All of the pianist’s recordings in his trio with guitar are on this imported two-CD set. Jamal’s style is quite recognizable from the start even though it took a few years of struggle for him to build up his audience. Among the highlights are his versions of several songs that he would rerecord with his drums trio a few years later (including his hit “Poinciana”), quite a few numbers that Miles Davis would add to his repertoire (“The Surrey With The Fringe On Top,” “Will You Still Be Mine,” “A Gal In Calico,” “New Rhumba," “Billy Boy,” “All Of You,” “I Don’t Wanna Be Kissed,” “Old Devil Moon,” and “Autumn Leaves”) plus such gems as “Perfidia,” “Slaughter On 10th Avenue,” and “Pavanne.” The latter, an adaptation of Morton Gould’s classical piece, has a section that briefly includes what would become the melody (and chord change) of Davis’ “So What” which would not be “composed” for another 3½ years.
This perfectly compiled two-CD box set, in addition to all of the recordings that¡ Ahmad Jamal made before he turned 26, has a definitive 24-page booklet about the group written by label head Jordi Pujol. The Fresh Sound set is highly recommended."
—Scott Yanow (October, 2022)
Los Angeles Jazz Scene
"If there is one musician that had an impact on Miles Davis’ sparse and unique sound, it has to be pianist Ahmad Jamal, who is not only still with us, but still releasing fantastic albums of his still unique sound. This essential two disc set of 37 songs has him with his earliest trios, of Ray Crawford/g and Eddie Calhoun-Israel Crosby-Richard Davis-Israel Crosby/b.
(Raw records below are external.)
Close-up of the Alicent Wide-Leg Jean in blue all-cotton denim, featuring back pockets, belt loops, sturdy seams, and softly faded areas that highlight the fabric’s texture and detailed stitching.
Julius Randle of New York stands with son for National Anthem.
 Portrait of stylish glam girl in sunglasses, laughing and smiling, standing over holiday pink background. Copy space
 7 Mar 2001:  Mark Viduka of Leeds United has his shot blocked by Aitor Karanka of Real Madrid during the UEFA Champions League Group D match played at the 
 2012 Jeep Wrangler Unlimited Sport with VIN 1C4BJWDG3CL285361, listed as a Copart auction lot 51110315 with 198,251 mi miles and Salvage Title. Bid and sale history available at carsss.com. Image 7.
And, during a time when most pianists were torrid boppers, Jamal played as if he were paying union dues for each quarter notes, letting space create its own sound, and thereby being an inspiration for the famed trumpeter, who took the idea for his own brand of music, stealing a few songs along the way.
Jamal’s fingers dance on a sublime “Surrey With The Fringe On Top”, are joyful on “Billy Boy” sly and coy for “A Gal In Calico” and resonant on “Ahmad’s Blues”, all songs that Davis eventually recorded in a similar vein just a few years later.
With Crosby on bass, Jamal hits a new plateau, performing his own “New Rhumba” with sleek exotic textures, deep in sepia tones for “Darn the Dream” and “Spring Is Here” and impressionistic on “Pavane”. His first rendition of the classic “Poinciana” is here, and still works without the relentless ride cymbal of the more famous rendition, while an allegiance to Duke Ellington is revealed on covers of “Black Beauty” and “Just Squeeze Me”. Also included is a nice booklet giving you background information on Jamal and these sessions, and it’s quite informative.
There are many theories as to why Jamal’s style has never been taken up by other pianists. It could be similar to the famous quote GK Chesterton said about religion, “It’s not that Christianity has been tried and found wanting; it’s that it was found difficult and not tried”. At least try it on your ears for a balm from Gilead."